Tracking Workshop Recap

Your success tracking animals in the snow depends a lot on the condition of the snow. Because the weather and timing were excellent, I led a pop-up tracking workshop this past Tuesday, Feb. 1st at First Parish Northboro. The snow conditions were good: dry but not powdery, little to no melting, and enough ‘tracking nights’ between the snowfall and our program to give enough time for animals to move around. Our only challenge was the depth of the snow – deep and dry enough to make larger animal tracking more challenging.

Nonetheless, we made some great discoveries! Staying close to the buildings at first, we explored and found the tracks of a number of small animals – likely mice – whose tiny tails can be seen dragging along between their tracks:

mouse tracks with tail drag

We then moved into the cemetery where we saw evidence of grey squirrels. Lots and lots of grey squirrels. The snow was deep enough that any larger animals moving through would probably stick to the plowed roads that border the inside of the cemetery.
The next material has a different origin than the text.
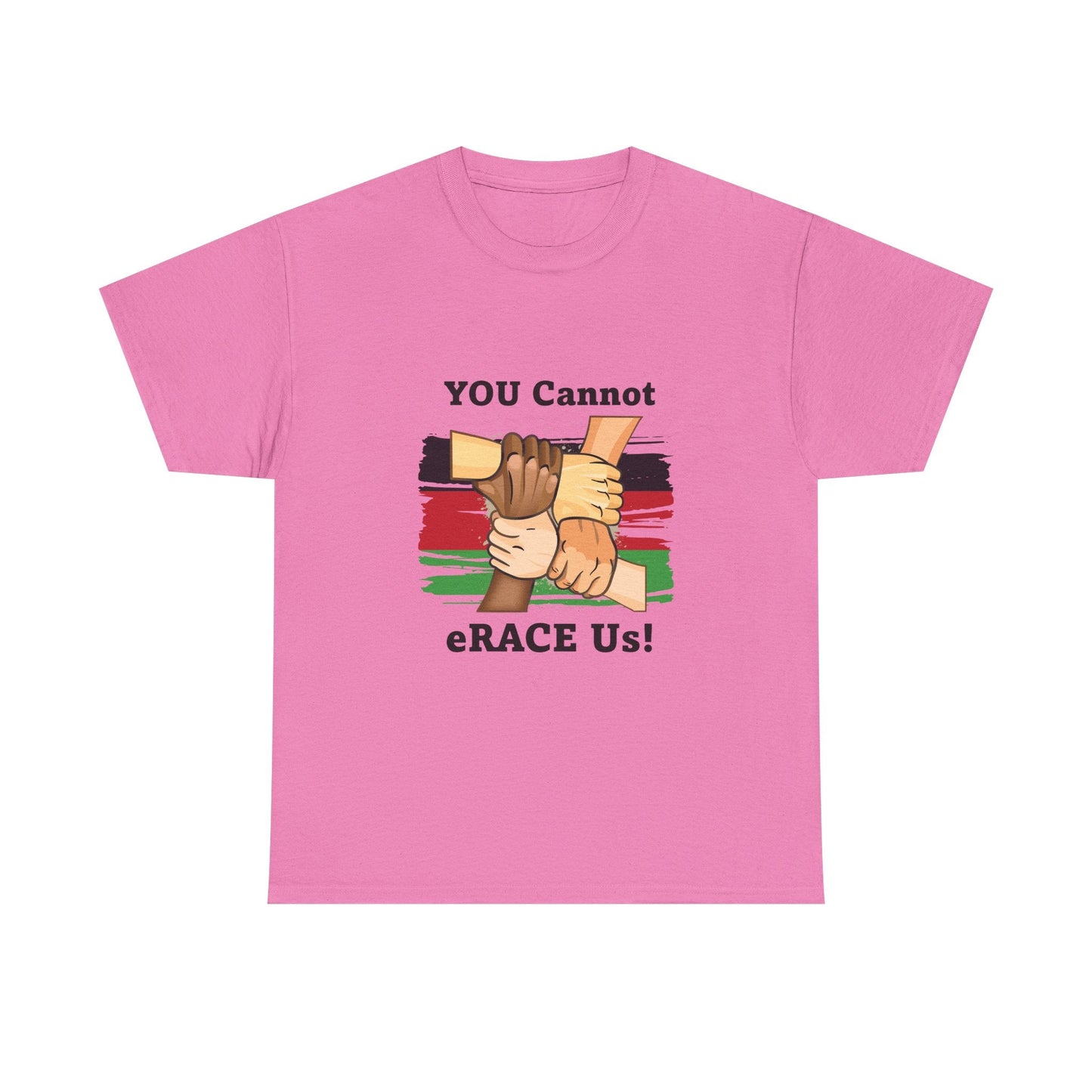 Black History You Cannot eRACE Us Tee Printify T-Shirt You Cannot eRACE Us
We then made our way to the front lawn where we saw much larger tracks in a very different type of grouping:

coyote tracks
The loping stride of a coyote running across the front lawn

The trail of this animal, which we narrowed down to being a coyote, crossed the entire lawn in this loping/galloping pattern. When we measured the distance between this animal’s groups of tracks it covered nearly 8 feet between groupings as it sped across the lawn.

Our final, and most exciting find was evidence of a raptor – owl or hawk – that swooped down onto the lawn to catch one of the many small animals we saw evidence of throughout our program:

Raptor prints in snow
Tail drag, impact, and wing impression of a raptor-caught meal

To the right of my glove in the center and right of the above picture, you can see the faint streaks of the bird’s tail as it came in (moving toward the left), feet extended to grab its meal. Above and to the left of the glove you can see the impact of where the bird touched down, and below that, streaks where its left wing brushed the snow as it took back off. Unfortunately, the overcast afternoon made the images difficult to see in photos.

When I teach tracking, I do so as a group exercise, where we make a practice of observing as much as we can collectively, before trying to firmly identify our finds. Instead of giving straight answers, I engage in “Coyote Teaching“, a method of inquiry-based exploration that helps participants build their own skills.